Every line in the listing below from the one with "点击大图看下一张：黑臂时钟纹身--一组男士小手臂上的黑臂时钟指南针纹身图案" through the one with "A woman with" is to be reproduced exactly, both ends included; leave out the rest.

> **Records shown**:
===============

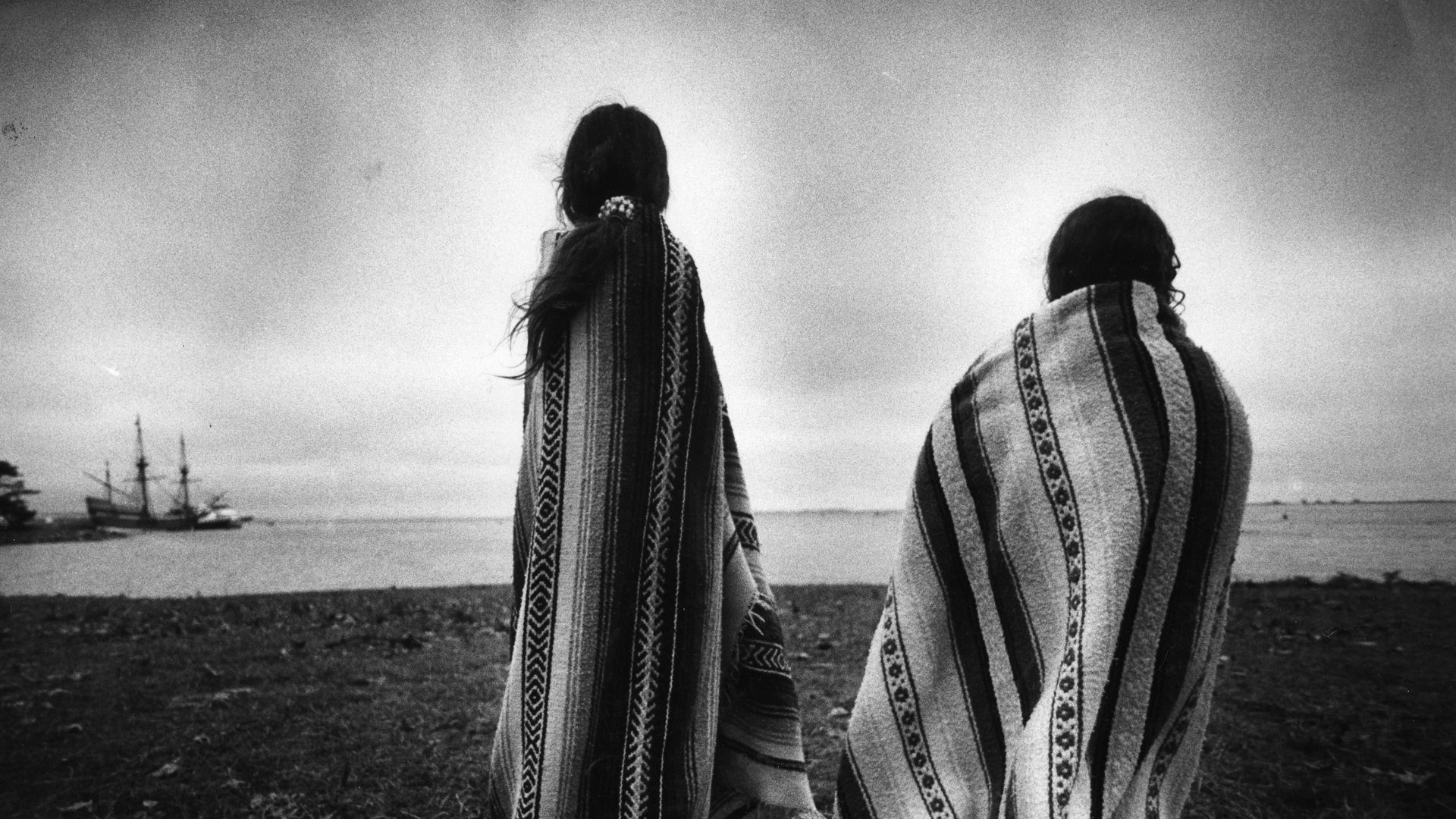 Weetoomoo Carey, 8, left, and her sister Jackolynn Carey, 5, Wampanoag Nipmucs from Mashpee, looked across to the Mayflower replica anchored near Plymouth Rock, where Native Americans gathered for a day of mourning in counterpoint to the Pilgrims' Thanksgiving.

===============

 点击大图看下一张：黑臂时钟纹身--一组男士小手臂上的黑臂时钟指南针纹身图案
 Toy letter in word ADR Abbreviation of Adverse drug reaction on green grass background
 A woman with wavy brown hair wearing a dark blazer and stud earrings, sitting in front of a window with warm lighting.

===============

> **Result of the task**:
 点击大图看下一张：黑臂时钟纹身--一组男士小手臂上的黑臂时钟指南针纹身图案
 Toy letter in word ADR Abbreviation of Adverse drug reaction on green grass background
 A woman with wavy brown hair wearing a dark blazer and stud earrings, sitting in front of a window with warm lighting.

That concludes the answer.